A good developer keeps all his source code in an SCM tool (like CVS, Perforce, Arch, Bitkeeper, Subversion, but not Source Safe). There are some very good reasons to do this, which Imp not going to discuss here. Most applications handle data. There are even those amongst mankind that go as far as saying software and data are the same, which is true. (If you like that kind of conceptual difference, read Godel, Escher, Bach: An Eternal Golden Braid by Douglas Hofstadter. It seems to happen in human cell replication all the time.) A large portion of this data handling software manipulates data in a convenient way: enter the database! Your software is coupled to this database. And as your software evolves (new features!) your database does too (new and/or altered tables!). So both evolve (hold that idea please).
To keep the software part under version control there are three different things at work:
1) the plain text source code 2) a build script (arguably a meta-program, see G.E.B.) 3) the output of 1) and 2) combined, the actual program
Now since both 1) and 2) are under source control, 3) is always achievable. (Well, in practice you need to version you build tools, which are used by the build script, too.

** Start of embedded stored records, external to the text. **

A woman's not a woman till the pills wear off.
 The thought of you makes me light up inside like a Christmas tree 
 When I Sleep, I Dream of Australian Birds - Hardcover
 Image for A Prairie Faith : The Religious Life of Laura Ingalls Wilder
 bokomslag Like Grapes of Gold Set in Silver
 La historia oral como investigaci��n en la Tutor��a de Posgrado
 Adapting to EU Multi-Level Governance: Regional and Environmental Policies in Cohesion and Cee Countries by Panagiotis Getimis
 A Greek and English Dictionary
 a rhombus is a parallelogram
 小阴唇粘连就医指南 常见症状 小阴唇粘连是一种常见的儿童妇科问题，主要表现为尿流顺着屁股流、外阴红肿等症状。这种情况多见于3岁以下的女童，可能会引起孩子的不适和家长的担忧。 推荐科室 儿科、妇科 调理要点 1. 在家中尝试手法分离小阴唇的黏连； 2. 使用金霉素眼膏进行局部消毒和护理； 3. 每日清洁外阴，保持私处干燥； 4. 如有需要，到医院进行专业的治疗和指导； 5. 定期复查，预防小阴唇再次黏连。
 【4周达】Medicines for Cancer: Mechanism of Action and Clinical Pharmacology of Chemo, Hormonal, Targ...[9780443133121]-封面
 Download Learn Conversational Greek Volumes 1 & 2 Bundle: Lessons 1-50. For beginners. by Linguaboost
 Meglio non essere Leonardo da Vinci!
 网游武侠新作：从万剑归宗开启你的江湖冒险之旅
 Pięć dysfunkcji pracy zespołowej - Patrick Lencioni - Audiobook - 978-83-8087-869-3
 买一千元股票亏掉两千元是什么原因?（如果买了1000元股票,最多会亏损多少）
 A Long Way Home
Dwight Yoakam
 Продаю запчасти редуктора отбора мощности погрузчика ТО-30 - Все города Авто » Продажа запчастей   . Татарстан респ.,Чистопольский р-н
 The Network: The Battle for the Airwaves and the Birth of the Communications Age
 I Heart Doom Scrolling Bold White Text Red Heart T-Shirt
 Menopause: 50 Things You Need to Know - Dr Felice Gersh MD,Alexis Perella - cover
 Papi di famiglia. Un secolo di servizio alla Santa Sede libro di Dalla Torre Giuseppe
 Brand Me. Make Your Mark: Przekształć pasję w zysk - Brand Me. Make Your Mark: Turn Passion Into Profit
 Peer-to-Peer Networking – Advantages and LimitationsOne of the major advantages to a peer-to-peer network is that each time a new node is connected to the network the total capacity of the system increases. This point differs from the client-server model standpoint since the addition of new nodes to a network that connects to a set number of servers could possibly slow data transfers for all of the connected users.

But if you go down this road you’d have to version your entire build machine. EDIT 2014: Exactly, this is what folks are doing now)
Consider the case for the database. The following aspects are at work here:
- a SQL scripts
- a build script that loads 1) into a particular database.
Ah! (thinking) Nope, won’t work. Because most systems have a live (or production) environment. Once data has been entered into the database, you can’t recreate it, because that information is not in either 1) nor 2)! And this is exactly the problem. Most developers don’t go this far, and only provide 1) and 2) with their installation. But once you have to keep your production environment data alive, you have to reconsider your solution. Here we go:
- A SQL script
- Incremental SQL scripts that alter a live environment from version x to y
- A build script that will run 1) and/or 2) as needed, depending on the already existing database and its version
Already better. Now this is what you see with most applications that have encountered this problem. And this will work, if your don’t have 100 production databases. Problem solved, but not for us. (By the way, above solution will introduce some nasty dependencies when you are using multiple branches to store your source code and database scripts in your SCM!). So we need a different solution.
Lets iterate some goals this solution must provide:
- It should be highly scriptable, because were using this with a lot of databases
- We should be able to replay the action, to be able to test the solutions’ successfulness
- It doesn’t have to be reversible (this is plain out impossible to achieve)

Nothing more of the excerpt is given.